Therefore, the unique fixed point of $B_\pi$ is $V^\pi$ .

c.

The greedy policy is not guaranteed to be the optimal policy.

For greedy policy respects to $V$ , the strategy $\pi = \pi_V$ meets the condition of the Bellman equation:

V^\pi = B_\pi V^\pi .

However, $V$ itself satisfies this equation, only when $V$ is the fixed point of $B_\pi$ , that is $V = B_\pi V$ .

So in most cases, the greedy policy is not the optimal policy.

d.

When $\pi$ is the greedy policy, we have:

BV_n = B_\pi V_n

e.

\begin{aligned} \lVert V^\pi - V_{n+1} \rVert &= \lVert B_\pi V^\pi - B_\pi V_n \rVert \\ &\le \gamma \lVert V^\pi - V_n \rVert \\ \end{aligned}

Then we can introduce the triangle inequality:

\begin{aligned} \gamma \lVert V^\pi - V_n \rVert &\le \gamma \lVert V^\pi - V_{n+1} \rVert + \gamma \lVert V_{n+1} - V_n \rVert \\ \end{aligned}

So we have:

\begin{aligned} (1-\gamma) \lVert V^\pi - V_{n+1} \rVert &\le \gamma \lVert V_{n+1} - V_n \rVert \\ \lVert V^\pi - V_{n+1} \rVert &\le \frac{\gamma}{1-\gamma} \lVert V_{n+1} - V_n \rVert \end{aligned}

Finally we can introduce the stopping condition $\lVert V_{n+1} - V_n \rVert < \frac{\epsilon(1-\gamma)}{2\gamma}$ :

\lVert V^\pi - V_{n+1} \rVert < \frac{\epsilon}{2}

Which certainly proves that:

\lVert V^\pi - V_{n+1} \rVert \le \frac{\epsilon}{2}

f.

To prove that $\lVert B^kV - B^k V' \rVert \le \gamma^k \lVert V - V' \rVert$ , we can use Induction hypothesis:

We assume that $\lVert B^{k}V - B^{k} V' \rVert \le \gamma^{k} \lVert V - V' \rVert$ .

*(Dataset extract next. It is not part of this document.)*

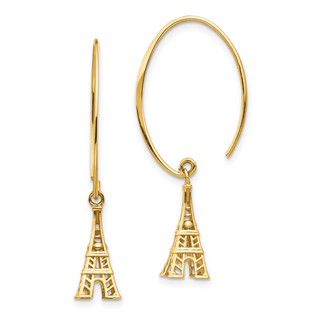 14K 3-D Eiffel Tower Dangle Wire Threader Earrings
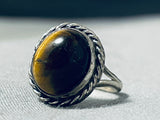 Exquisite Vintage Native American Navajo Tiger's Eye Sterling Silver Ring-Nativo Arts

Meanwhile, we have already known that where $B$ is the Bellman optimality operator, and $B$ is a $\gamma$ -contraction:

\lVert BV - BV' \rVert \le \gamma \lVert V - V' \rVert

Combining the two, we have that for $k+1$ :

\begin{aligned} \lVert B^{k+1}V - B^{k+1} V' \rVert &= \lVert B(B^kV) - B(B^k V') \rVert \\ &\le \gamma \lVert B^kV - B^k V' \rVert \\ &\le \gamma \cdot \gamma^k \lVert V - V' \rVert \\ &= \gamma^{k+1} \lVert V - V' \rVert \end{aligned}

Since $\lVert B^1V - B^1 V' \rVert \le \gamma \lVert V - V' \rVert$ , $k = 1$ is also true.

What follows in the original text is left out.